You can have the perfect fly in the perfect size and the perfect color, and a trout will refuse it if the presentation is wrong. Dry fly fishing is not about the fly. It is about how the fly moves — or more precisely, how it does not move.
The Dead Drift Is Non-Negotiable
A natural insect floating on the surface does not skate, swing, or drag across the current. It sits motionless on the film and drifts wherever the water takes it. Your fly needs to do the same thing. The moment your fly starts moving at a different speed or angle than the water around it, you have drag — and the fish knows it.
Drag can be obvious (your fly skating across the surface leaving a wake) or it can be micro-drag (a subtle pull that you cannot see but the trout can). Micro-drag kills more presentations than bad pattern selection ever will.

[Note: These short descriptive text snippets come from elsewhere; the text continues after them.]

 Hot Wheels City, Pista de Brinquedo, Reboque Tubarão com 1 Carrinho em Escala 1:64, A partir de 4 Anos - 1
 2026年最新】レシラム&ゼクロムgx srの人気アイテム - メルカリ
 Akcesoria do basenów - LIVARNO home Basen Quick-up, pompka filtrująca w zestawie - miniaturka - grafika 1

Mending Is the Most Important Skill You Are Not Practicing
A mend is a repositioning of your fly line on the water after the cast, designed to eliminate drag. The simplest form is an upstream mend — a gentle flip of the rod tip that throws a loop of line upstream, buying your fly more drag-free drift time.
The key is to mend before drag starts, not after. Watch your line as it lands. If you see a belly forming downstream of your fly, mend immediately. If you wait until you see the fly dragging, you are too late.

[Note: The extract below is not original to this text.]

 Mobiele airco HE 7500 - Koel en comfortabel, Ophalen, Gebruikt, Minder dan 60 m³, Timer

The First Cast Matters Most
When you spot a rising fish, your first cast is your best opportunity. The fish has not been spooked, your leader has not landed on the water near its position, and you have the element of surprise.
Plan the cast before you make it. Figure out your distance, pick your landing spot (two to three feet upstream of the rise), and account for the current. Then make one good cast rather than five hurried ones.

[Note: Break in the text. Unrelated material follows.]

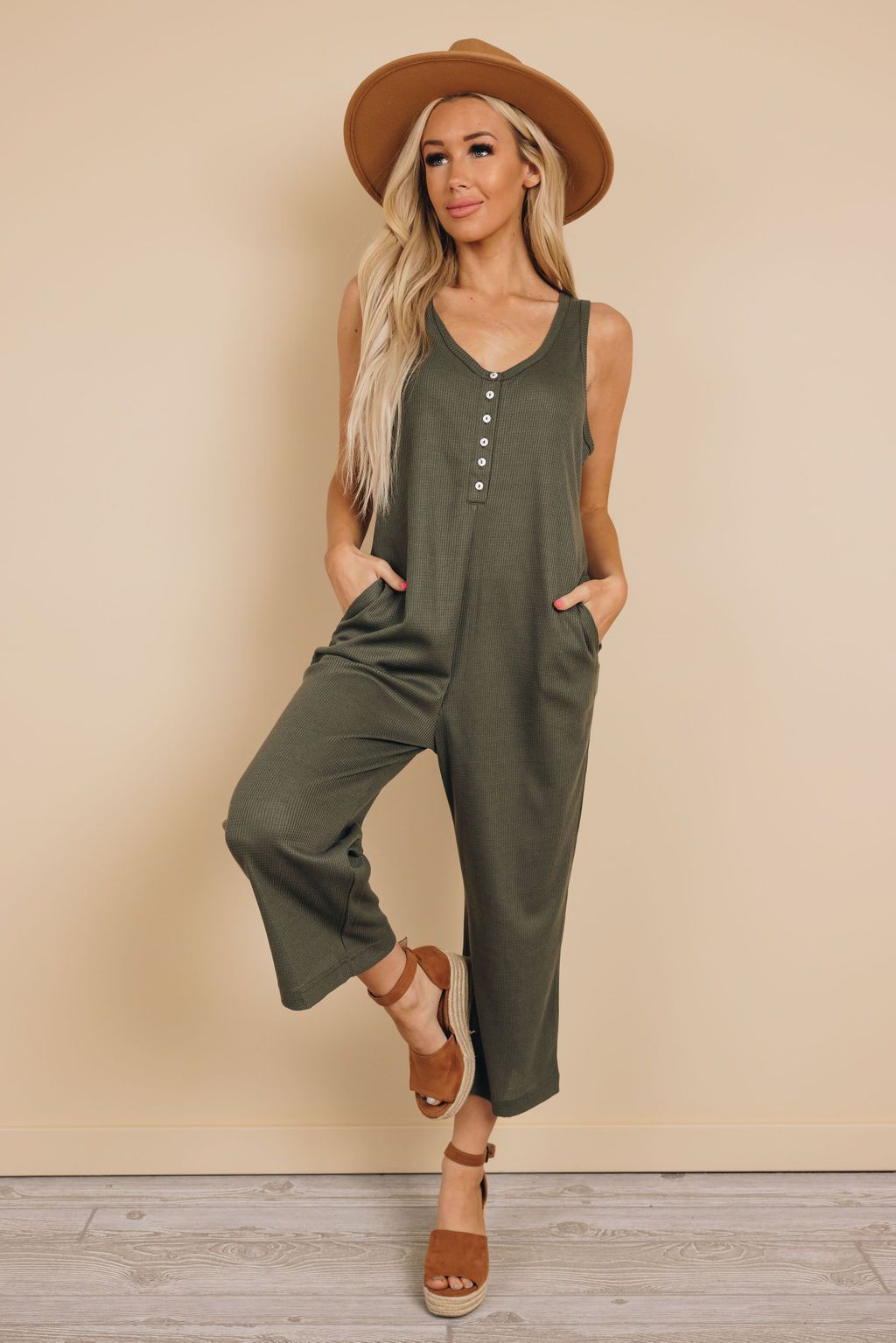Elevate Sleeveless Jumpsuit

If the first cast does not produce a take, wait. Let the fish rise again. Confirm it is still feeding. Then adjust and try once more.
Leader Length Changes Everything
For spooky fish on clear water, go longer than you think you need. A 12-foot leader with a 5X or 6X tippet gives you more separation between the fly line and the fly. The trout sees the fly, not the line. On faster, broken water, you can get away with a 9-foot leader because the surface disturbance hides the connection.
Set the Hook Gently
When a trout takes a dry fly, there is an almost irresistible urge to rip the rod back and set the hook hard. Resist it. A firm lift of the rod tip is all you need. A violent hook set pulls the fly out of the fish's mouth and snaps light tippet. Lift, do not strike.